La passione per Navakuvara e Manigriva era incontrollabile, bevevano vino e passeggiavano cantando con delle donne nelle vicinanze del Mandakini (il Gange che fluisce attraverso i deliziosi giardini del monte Kailasa). Entrando ubriachi nel mezzo del Gange con le fanciulle, come elefanti che si divertono con le elefantesse, vennero visti dal saggio Narada. Le ninfe celesti si rivestirono immediatamente, mentre Navakuvara e Manigriva restarono nudi al cospetto del saggio Narada, che disse loro:
Invero, nel caso di un uomo che indulge in oggetti di piacere, non c’è orgoglio peggiore di quello della ricchezza, per condurre alla perdita della ragione, in quanto con l’orgoglio della ricchezza, vengono associate invariabilmente le donne, il gioco d’azzardo ed il liquore. La povertà è la migliore salvezza per l’anima accecata dall’orgoglio della ricchezza. Soltanto un uomo povero considera gli altri esseri viventi simili al suo stesso sé. Colui che ha il piede ferito da una spina, non vorrebbe mai che un altro essere soffrisse la sua stessa agonia, avendo realizzato la similarità di tutti gli esseri viventi per quanto concerne l’esperienza del piacere e del dolore. Non è il caso di colui il cui piede non ha mai sperimentato l’effetto di una spina. Liberato da ogni forma di orgoglio, un uomo povero è privo della rigidità indotta dall’egoismo. La durezza che egli sperimenta, per volontà della provvidenza, alla fine si dimostra come una benedizione. Le anime pie che considerano tutti in modo equanime, giungono in contatto soltanto con un uomo povero e non con il ricco accecato dall’orgoglio della ricchezza. In compagnia dei santi un uomo povero abbandona la brama di denaro e tutto il resto, per dedicarsi agli scopi più nobili.

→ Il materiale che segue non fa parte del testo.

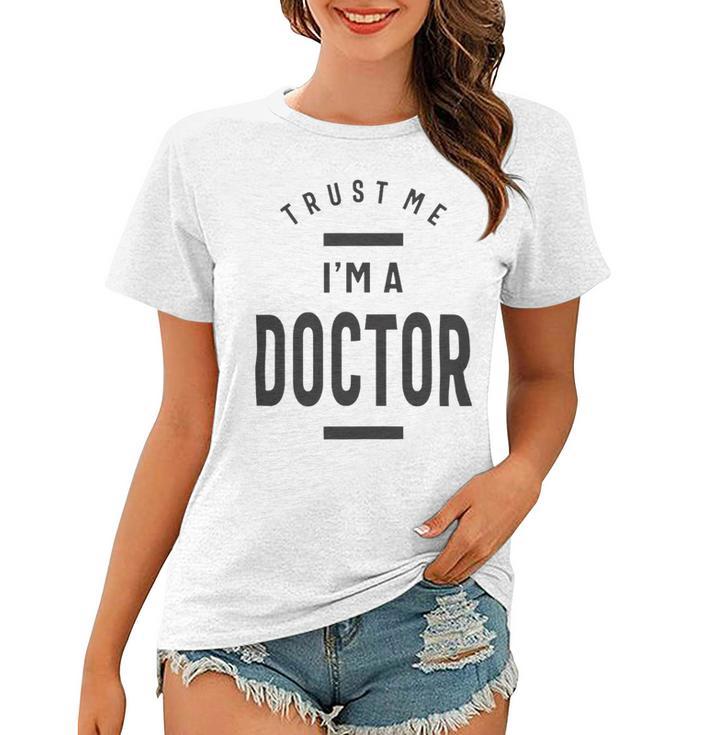 Trust Me Im A Dogtor 670 Shirt Women T-shirt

Fu così che il saggio divino Narada sparse la sua grazia su Navakuvara e Manigriva e fece in modo di trasformarli in alberi che rimangono fermi in un luogo non coperto, pur mantenedo la loro coscienza.
Il Signore Krishna, che era stato legato ad un mortaio da madre Yasoda, passò tra i due alberi ed il mortaio a cui era legato si incastrò, abbattendo i due alberi, da cui spuntarono i due figli del tesoriere celeste, ormai liberati dall’orgoglio e con la ragione ripristinata.